Меж нами дымные пустыни,
Обугленные города.
И ни с каких вокзалов ныне
К тебе не ходят поезда.

Именно в блокадном кольце и должны были родиться такие строки.

Вопрос о том, что отобрать, какие произведения нужно прочитать сегодня, был вопросом и политики, и такта. Многое зависело тут от чувства времени и художественного вкуса работников литературной редакции. Их выбор убеждает: в Ленинграде передавались лучшие произведения советских поэтов военной поры.

13 января 1942 года по радио звучало стихотворение А. Суркова «Мститель»: «Человек склонился над водой, и увидел он, что он седой. Человеку было двадцать лет…» Радиожурналисты понимали, как может воспринять ленинградец, переживающий блокадную зиму, эти стихи. Ведь они были и о нем, и в то же время они говорили, что горе и беда Ленинграда – часть общей народной беды. Вместе с юным, поседевшим солдатом жители города, замерзшие, опухшие от голода, потерявшие близких, но не потерявшие веры, повторяли сурковские строки о бойце, который поклялся беспощадно мстить врагу: «Кто его посмеет обвинить, если будет он с врагом жесток».

Той же зимой в одну из «Радиохроник» были включены стихи К. Симонова «Ты помнишь, Алеша, дороги Смоленщины», стихи о трудном отступлении сорок первого, о Родине, о том огромном потрясении, которое перенес народ. Эти стихи, помимо всего, напоминали сегодняшнему горожанину, который оказался в нечеловеческих условиях блокады, о его корнях, земле отцов и дедов, захваченной врагом.
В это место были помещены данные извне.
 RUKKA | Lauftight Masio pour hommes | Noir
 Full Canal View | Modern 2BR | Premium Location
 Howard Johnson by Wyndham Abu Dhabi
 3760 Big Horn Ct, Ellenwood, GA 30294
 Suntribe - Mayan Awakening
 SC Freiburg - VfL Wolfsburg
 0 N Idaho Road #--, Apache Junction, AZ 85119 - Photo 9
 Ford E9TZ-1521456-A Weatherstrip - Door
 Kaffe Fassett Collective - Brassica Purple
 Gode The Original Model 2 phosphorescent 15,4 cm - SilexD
Вся эта картина оскверненных лесов, пажитей, деревень, этот глубоко личный рассказ о пережитом целым народом вселяли прежде всего чувство гордости «за самую милую, за горькую землю, где я родился». У ленинградцев были свои поэты, которые достойно сказали и о городе, и о блокадном быте, и о стойкости.
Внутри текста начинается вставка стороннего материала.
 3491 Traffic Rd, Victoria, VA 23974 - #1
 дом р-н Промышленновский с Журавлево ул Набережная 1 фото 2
Рядом с «Февральским дневником» О. Берггольц и стихами Н. Тихонова и А. Прокофьева в Ленинграде в феврале 1942 года звучало обращение К. Симонова к другу-поэту, напоминая об общности народной судьбы:

Ты знаешь, наверное, все-таки родина
Не дом городской, где я празднично жил,
А эти проселки, что дедами пройдены,
С простыми крестами их русских могил.

Эти стихи звучали по ленинградскому радио, помогая пережить страшную зиму. Сотни тысяч унесли декабрь и январь, смерть продолжала косить людей в феврале. Ледовая трасса и эвакуация через Ладогу уже давали о себе знать, с продовольствием стало чуть лучше.

Многие попадали в стационары, работали бытовые отряды молодежи, но люди ослабели настолько, что спасти удавалось далеко не всех. Однако несомненно: в феврале и особенно в марте город медленно начал выходить из того положения, в котором был в декабре – январе. Стало оживать и радио. Оно заговорило громче, яснее, оно вернуло городу музыку, оно ободряло: «День придет, над нашей головой пролетит последняя тревога и последний прозвучит отбой».
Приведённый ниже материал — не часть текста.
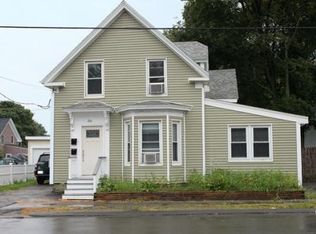 56 Lynn St, Peabody, MA 01960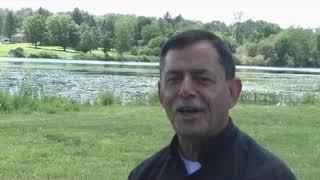 Interview of Fr  Benyamin Beth Yadegar together with Fr  Manno Boji in Detroit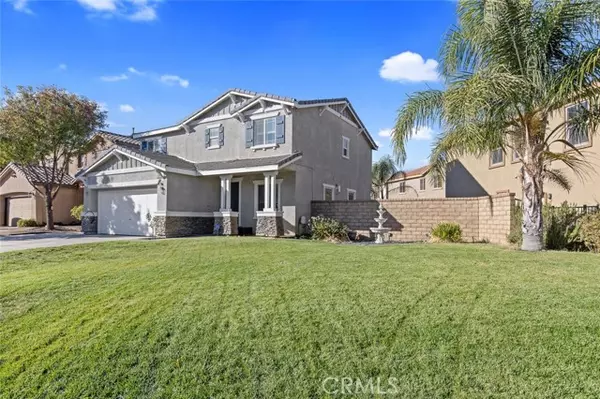 Palmdale, CA 93551,2700 Senna Lane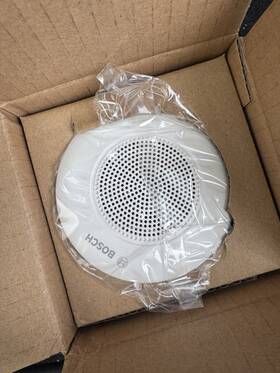 Lc5-wc06e4 Bosch Ceiling Loudspeaker 6w/100v/70.7v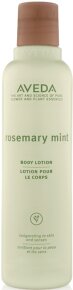 Aveda Rosemary Mint Body Lotion 200 ml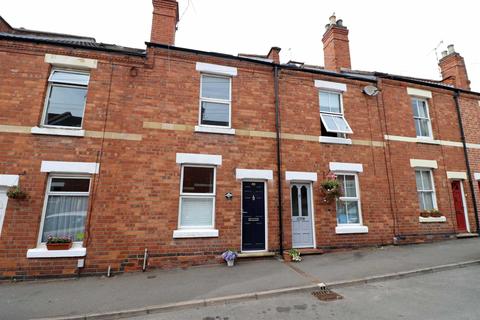49 Albert Street, Warwick, CV34 4JX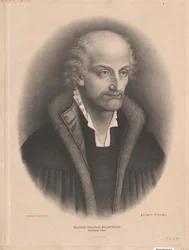 Philippe Melanchthon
Неизгладимое впечатление производил Ленинград 1942 года на тех, кто увидел впервые его военный лик. Можно было о многом прочитать и услышать, но все-таки непосредственное впечатление оказывалось значительно сильней. Так случилось с А. Фадеевым. Так было и с М. Алигер, написавшей небольшую поэму «Весна в Ленинграде». Вообще же сам факт прочтения по радио больших стихотворений и даже таких поэм, как «Пулковский меридиан» В. Инбер и «Блокада» 3. Шишовой23, отражал общий интерес слушателей и читателей к поэзии. О минувшей зиме, о городе «без огня и без воды» говорила М. Алигер, как раз в эту пору начавшая работу над своей ставшей потом широко известной поэмой «Зоя», в которой слились вместе и беда Ленинграда, и горечь личной потери, и бессмертие московской девушки-героини. Но эта поэма была еще впереди, а пока по радио звучала поэма М. Алигер о блокаде.